Input records Start Marker

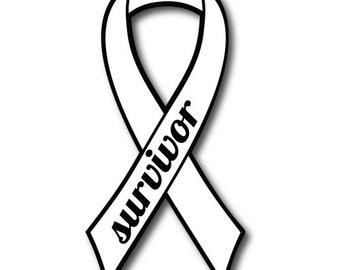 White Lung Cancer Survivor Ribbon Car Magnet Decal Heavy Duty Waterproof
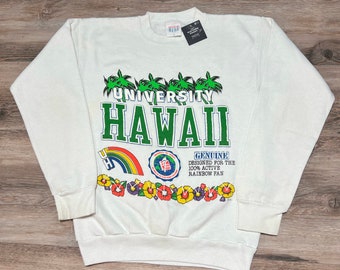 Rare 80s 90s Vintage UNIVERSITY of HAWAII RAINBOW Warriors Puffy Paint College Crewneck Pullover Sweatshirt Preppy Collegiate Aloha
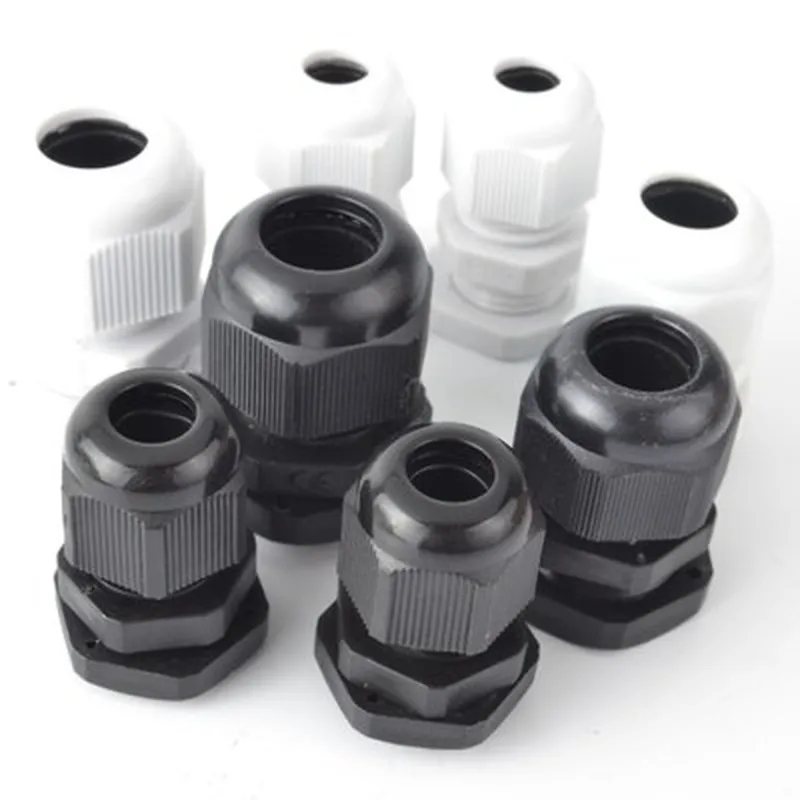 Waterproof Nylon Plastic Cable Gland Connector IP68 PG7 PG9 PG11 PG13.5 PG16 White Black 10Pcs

Input records End Marker
Input records Start Marker

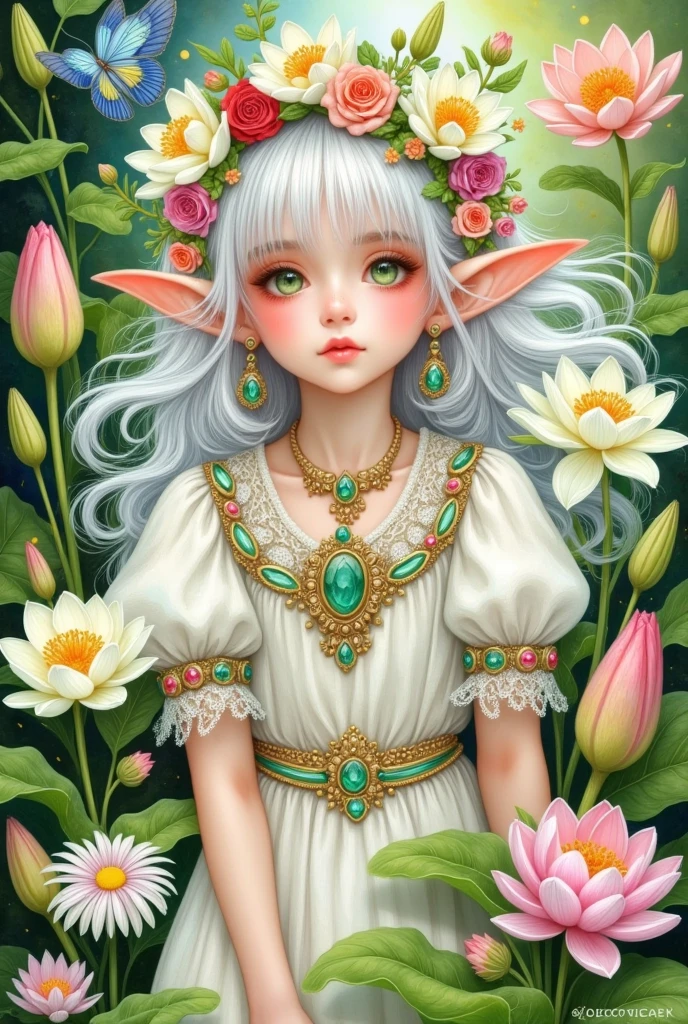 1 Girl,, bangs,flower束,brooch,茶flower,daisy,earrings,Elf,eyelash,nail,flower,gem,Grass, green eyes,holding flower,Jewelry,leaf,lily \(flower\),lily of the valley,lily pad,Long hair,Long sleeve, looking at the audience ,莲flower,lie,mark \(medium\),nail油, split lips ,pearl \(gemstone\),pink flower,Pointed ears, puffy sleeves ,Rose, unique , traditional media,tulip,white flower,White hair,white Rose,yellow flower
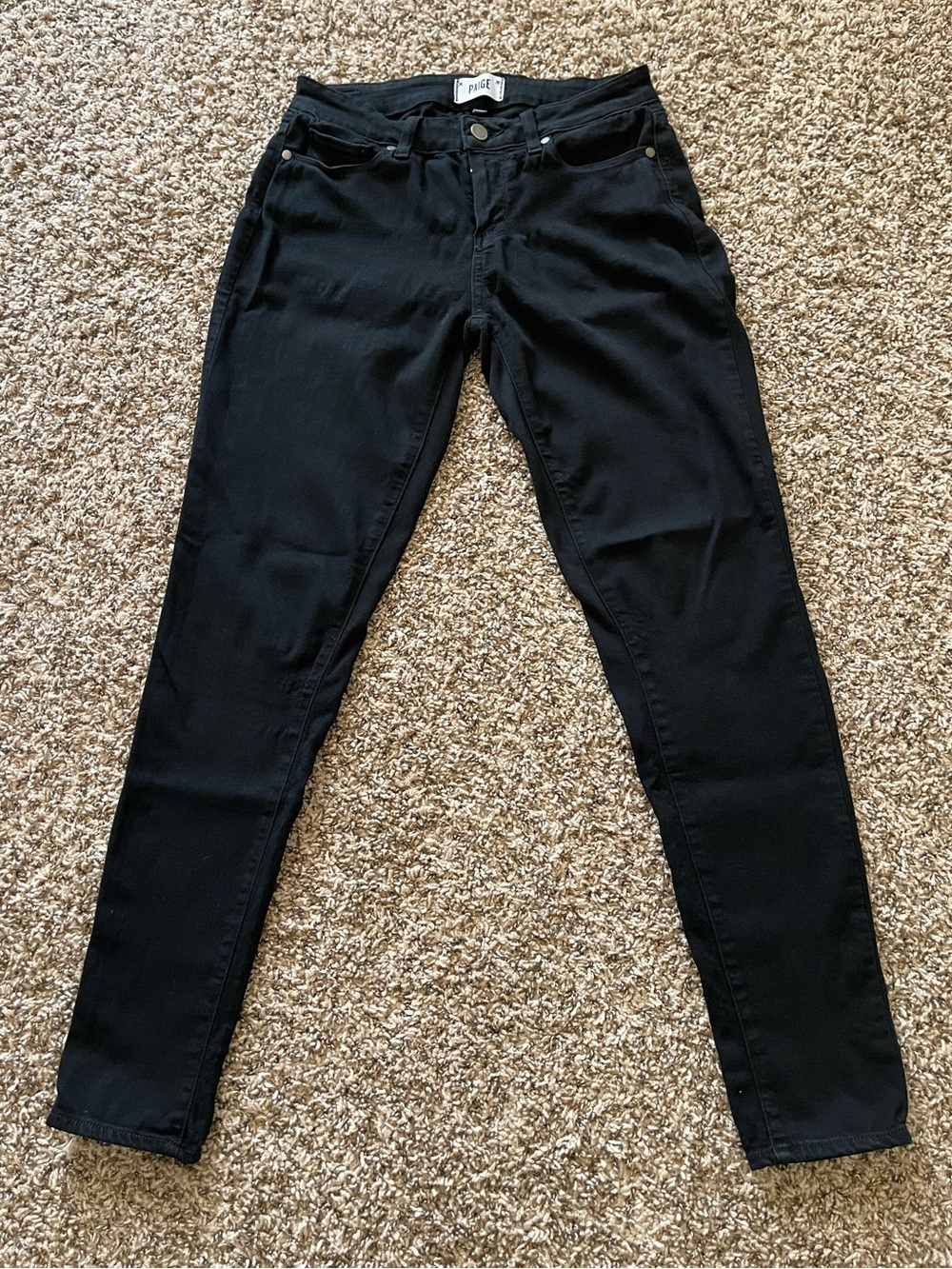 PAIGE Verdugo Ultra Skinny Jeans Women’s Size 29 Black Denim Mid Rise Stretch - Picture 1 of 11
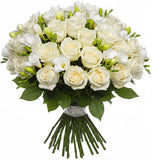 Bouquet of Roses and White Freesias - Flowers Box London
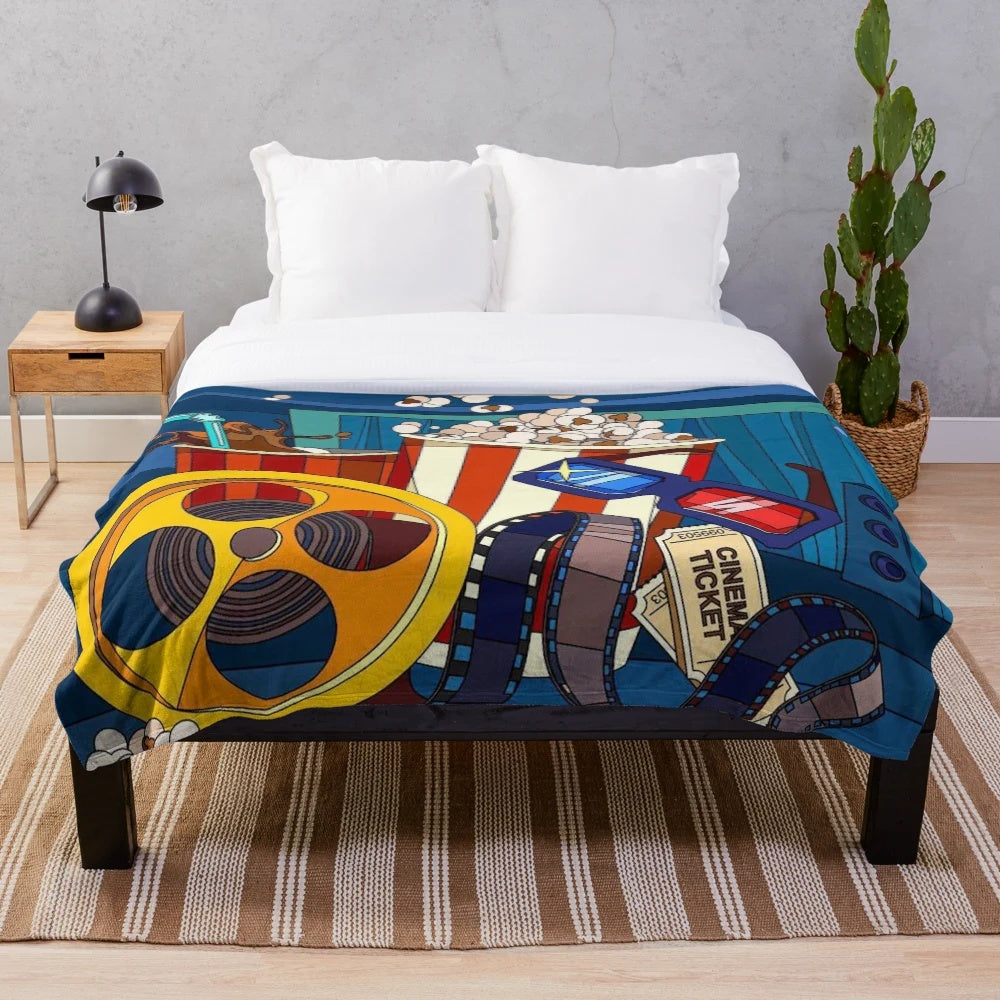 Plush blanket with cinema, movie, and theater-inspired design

Input records End Marker
Input records Start Marker

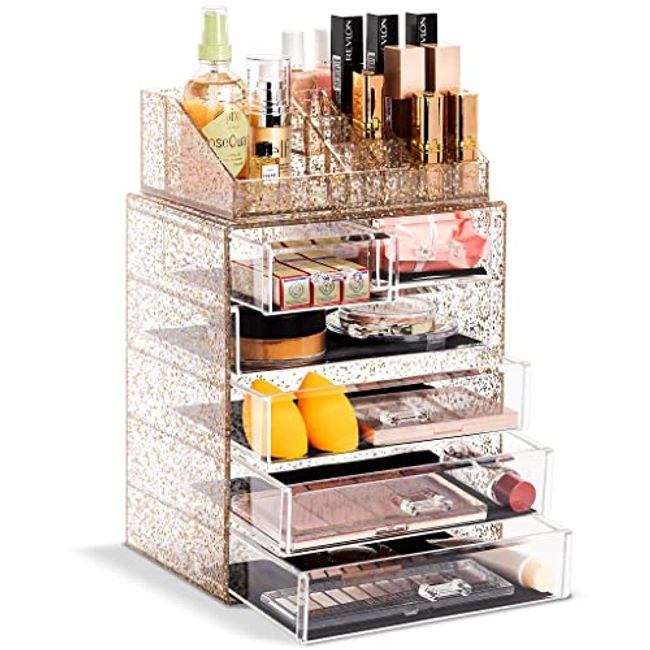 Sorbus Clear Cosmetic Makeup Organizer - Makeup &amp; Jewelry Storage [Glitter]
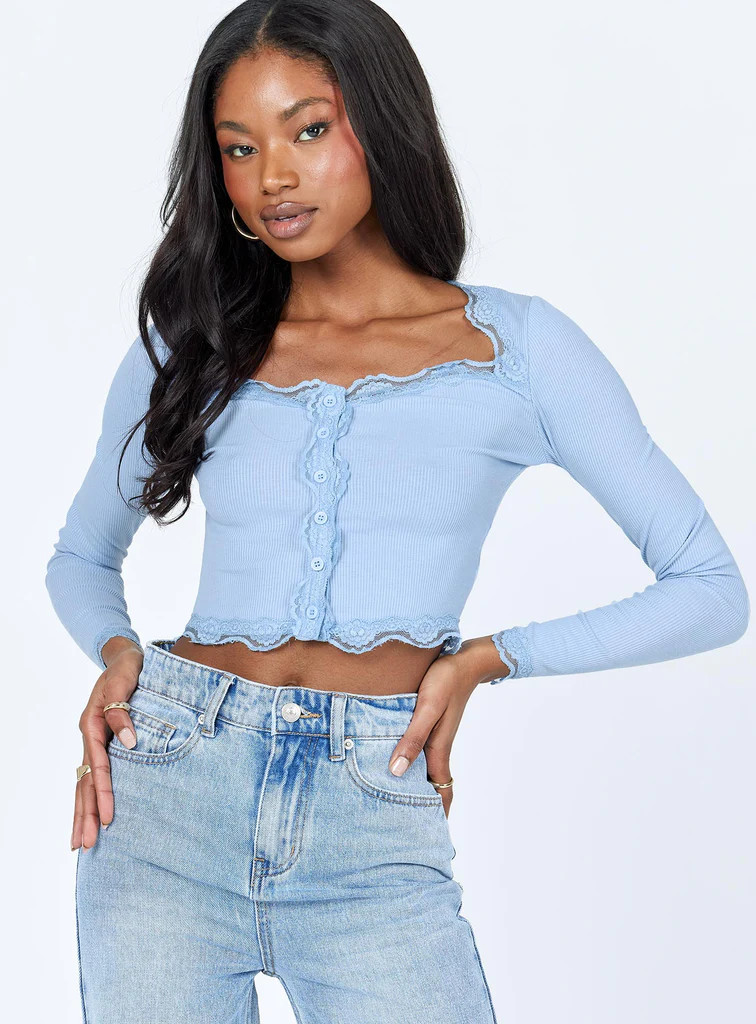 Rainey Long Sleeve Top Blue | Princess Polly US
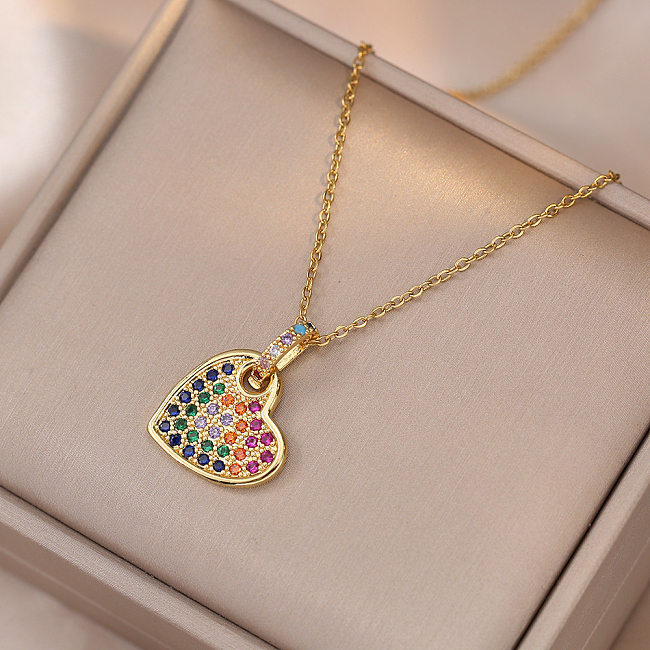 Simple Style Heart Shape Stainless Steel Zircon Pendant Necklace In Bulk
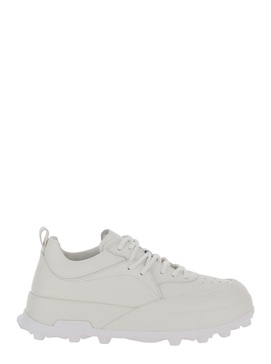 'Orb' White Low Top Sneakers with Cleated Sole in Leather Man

Input records End Marker

### Problem statement
Using the entries above, write out exactly the lines from the one with "White Lung Cancer" through the one with "Waterproof Nylon Plastic", ends included. Leave out any pictures.

### Written answer
 White Lung Cancer Survivor Ribbon Car Magnet Decal Heavy Duty Waterproof
 Rare 80s 90s Vintage UNIVERSITY of HAWAII RAINBOW Warriors Puffy Paint College Crewneck Pullover Sweatshirt Preppy Collegiate Aloha
 Waterproof Nylon Plastic Cable Gland Connector IP68 PG7 PG9 PG11 PG13.5 PG16 White Black 10Pcs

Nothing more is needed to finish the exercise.